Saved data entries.
○ ○ ○ ○ ○ ○ ○
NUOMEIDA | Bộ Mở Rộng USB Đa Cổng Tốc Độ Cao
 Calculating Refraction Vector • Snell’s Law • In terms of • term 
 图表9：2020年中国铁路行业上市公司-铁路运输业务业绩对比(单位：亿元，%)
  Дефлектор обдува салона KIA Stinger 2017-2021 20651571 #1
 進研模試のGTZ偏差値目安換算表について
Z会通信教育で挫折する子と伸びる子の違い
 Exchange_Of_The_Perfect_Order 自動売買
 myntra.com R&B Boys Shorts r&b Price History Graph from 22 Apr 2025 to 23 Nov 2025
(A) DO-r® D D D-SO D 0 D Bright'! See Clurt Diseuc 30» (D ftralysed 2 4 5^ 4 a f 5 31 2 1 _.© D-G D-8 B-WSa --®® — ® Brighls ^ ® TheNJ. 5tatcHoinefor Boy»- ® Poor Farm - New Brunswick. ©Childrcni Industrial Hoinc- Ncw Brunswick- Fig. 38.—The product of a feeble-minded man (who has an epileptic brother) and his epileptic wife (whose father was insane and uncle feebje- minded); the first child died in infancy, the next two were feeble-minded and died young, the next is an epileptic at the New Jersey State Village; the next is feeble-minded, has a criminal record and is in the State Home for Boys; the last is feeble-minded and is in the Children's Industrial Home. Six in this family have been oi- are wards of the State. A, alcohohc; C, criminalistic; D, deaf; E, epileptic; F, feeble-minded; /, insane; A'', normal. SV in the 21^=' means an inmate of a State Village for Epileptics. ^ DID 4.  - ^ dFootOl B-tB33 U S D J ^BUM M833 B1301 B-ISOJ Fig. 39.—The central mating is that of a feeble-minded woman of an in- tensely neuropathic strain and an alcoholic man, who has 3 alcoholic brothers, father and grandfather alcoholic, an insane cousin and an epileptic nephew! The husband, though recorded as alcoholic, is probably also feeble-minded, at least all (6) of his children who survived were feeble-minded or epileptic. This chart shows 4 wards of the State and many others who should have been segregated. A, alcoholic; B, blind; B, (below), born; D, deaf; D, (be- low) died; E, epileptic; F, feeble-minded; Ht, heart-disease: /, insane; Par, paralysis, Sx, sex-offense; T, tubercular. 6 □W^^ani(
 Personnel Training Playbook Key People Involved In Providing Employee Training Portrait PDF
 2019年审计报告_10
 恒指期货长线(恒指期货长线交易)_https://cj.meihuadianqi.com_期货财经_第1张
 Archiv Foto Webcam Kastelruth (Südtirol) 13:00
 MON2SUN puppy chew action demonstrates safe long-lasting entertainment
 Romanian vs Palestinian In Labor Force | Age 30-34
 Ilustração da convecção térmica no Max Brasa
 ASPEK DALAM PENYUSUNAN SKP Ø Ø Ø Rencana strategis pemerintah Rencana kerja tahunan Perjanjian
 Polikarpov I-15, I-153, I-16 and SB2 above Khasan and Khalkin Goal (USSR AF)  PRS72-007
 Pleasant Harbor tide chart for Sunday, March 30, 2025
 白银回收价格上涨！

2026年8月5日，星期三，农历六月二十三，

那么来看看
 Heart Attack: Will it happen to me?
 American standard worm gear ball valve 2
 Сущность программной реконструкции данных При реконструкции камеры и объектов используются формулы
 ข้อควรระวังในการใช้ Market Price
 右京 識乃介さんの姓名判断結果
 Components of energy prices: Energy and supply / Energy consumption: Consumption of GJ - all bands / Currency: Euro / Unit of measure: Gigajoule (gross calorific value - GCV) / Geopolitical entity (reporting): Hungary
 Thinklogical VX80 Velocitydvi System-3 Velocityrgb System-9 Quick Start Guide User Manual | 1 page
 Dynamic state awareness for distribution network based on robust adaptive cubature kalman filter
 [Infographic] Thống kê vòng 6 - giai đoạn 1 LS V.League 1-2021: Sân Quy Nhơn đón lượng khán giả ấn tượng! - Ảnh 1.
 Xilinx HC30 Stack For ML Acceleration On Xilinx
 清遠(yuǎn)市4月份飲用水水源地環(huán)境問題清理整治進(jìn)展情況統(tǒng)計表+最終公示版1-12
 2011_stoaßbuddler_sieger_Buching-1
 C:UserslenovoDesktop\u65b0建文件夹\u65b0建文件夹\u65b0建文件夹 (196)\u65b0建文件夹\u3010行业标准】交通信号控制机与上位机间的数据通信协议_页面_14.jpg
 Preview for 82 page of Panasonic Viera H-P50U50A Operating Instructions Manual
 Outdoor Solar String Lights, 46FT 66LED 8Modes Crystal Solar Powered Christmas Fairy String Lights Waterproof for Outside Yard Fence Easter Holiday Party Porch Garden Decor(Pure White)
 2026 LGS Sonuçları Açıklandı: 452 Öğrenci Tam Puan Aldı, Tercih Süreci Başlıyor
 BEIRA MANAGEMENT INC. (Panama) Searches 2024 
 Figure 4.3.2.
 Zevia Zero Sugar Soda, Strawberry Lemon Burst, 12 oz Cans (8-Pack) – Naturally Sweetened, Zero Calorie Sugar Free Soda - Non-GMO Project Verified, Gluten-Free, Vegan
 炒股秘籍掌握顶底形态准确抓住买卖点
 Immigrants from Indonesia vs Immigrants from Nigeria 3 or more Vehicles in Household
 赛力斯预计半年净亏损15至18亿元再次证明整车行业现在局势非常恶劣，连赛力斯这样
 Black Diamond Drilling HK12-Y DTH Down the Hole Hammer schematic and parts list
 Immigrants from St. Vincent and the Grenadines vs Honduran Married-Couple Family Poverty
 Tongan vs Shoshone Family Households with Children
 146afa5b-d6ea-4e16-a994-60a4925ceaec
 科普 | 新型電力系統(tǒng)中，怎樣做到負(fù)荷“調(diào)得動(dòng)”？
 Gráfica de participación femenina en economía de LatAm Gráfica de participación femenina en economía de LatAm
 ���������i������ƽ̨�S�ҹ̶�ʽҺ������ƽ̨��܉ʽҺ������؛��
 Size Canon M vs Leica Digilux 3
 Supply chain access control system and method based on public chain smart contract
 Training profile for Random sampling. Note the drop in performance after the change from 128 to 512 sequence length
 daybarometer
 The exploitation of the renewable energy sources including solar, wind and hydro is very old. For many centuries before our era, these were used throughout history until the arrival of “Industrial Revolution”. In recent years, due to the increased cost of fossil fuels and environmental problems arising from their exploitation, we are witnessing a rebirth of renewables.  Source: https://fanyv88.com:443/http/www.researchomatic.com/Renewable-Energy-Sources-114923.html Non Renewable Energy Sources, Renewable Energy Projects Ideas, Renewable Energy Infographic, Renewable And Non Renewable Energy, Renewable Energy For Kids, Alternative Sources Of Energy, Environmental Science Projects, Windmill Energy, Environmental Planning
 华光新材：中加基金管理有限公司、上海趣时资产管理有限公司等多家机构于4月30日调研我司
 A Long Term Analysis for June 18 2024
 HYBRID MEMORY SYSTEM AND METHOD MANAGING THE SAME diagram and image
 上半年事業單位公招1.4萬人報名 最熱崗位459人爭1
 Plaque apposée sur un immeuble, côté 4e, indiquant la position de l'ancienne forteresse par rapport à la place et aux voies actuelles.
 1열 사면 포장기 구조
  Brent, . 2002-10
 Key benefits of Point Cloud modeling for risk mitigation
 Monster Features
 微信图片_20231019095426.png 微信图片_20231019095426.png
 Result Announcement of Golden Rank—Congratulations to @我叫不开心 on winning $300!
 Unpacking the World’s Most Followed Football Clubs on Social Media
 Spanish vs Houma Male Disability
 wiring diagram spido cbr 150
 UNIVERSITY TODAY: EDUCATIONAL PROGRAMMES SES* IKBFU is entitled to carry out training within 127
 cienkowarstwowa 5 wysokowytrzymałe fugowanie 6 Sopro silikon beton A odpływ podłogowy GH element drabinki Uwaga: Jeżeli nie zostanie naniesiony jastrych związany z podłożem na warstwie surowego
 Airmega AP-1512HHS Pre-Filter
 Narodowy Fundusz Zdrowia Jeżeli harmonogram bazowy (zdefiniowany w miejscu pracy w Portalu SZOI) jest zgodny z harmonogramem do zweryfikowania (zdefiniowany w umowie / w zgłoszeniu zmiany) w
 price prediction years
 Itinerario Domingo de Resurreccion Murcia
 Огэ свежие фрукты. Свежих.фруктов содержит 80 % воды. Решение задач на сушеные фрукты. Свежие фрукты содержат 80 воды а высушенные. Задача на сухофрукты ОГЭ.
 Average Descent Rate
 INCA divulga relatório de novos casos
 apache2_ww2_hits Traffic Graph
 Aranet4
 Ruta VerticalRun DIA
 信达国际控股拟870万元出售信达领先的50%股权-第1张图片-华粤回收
○ ○ ○ ○ ○ ○ ○
Action item. The line containing "Narodowy Fundusz Zdrowia" and all lines after it, to the end of the records, are to be output exactly and alone.

Response box.
 Narodowy Fundusz Zdrowia Jeżeli harmonogram bazowy (zdefiniowany w miejscu pracy w Portalu SZOI) jest zgodny z harmonogramem do zweryfikowania (zdefiniowany w umowie / w zgłoszeniu zmiany) w
 price prediction years
 Itinerario Domingo de Resurreccion Murcia
 Огэ свежие фрукты. Свежих.фруктов содержит 80 % воды. Решение задач на сушеные фрукты. Свежие фрукты содержат 80 воды а высушенные. Задача на сухофрукты ОГЭ.
 Average Descent Rate
 INCA divulga relatório de novos casos
 apache2_ww2_hits Traffic Graph
 Aranet4
 Ruta VerticalRun DIA
 信达国际控股拟870万元出售信达领先的50%股权-第1张图片-华粤回收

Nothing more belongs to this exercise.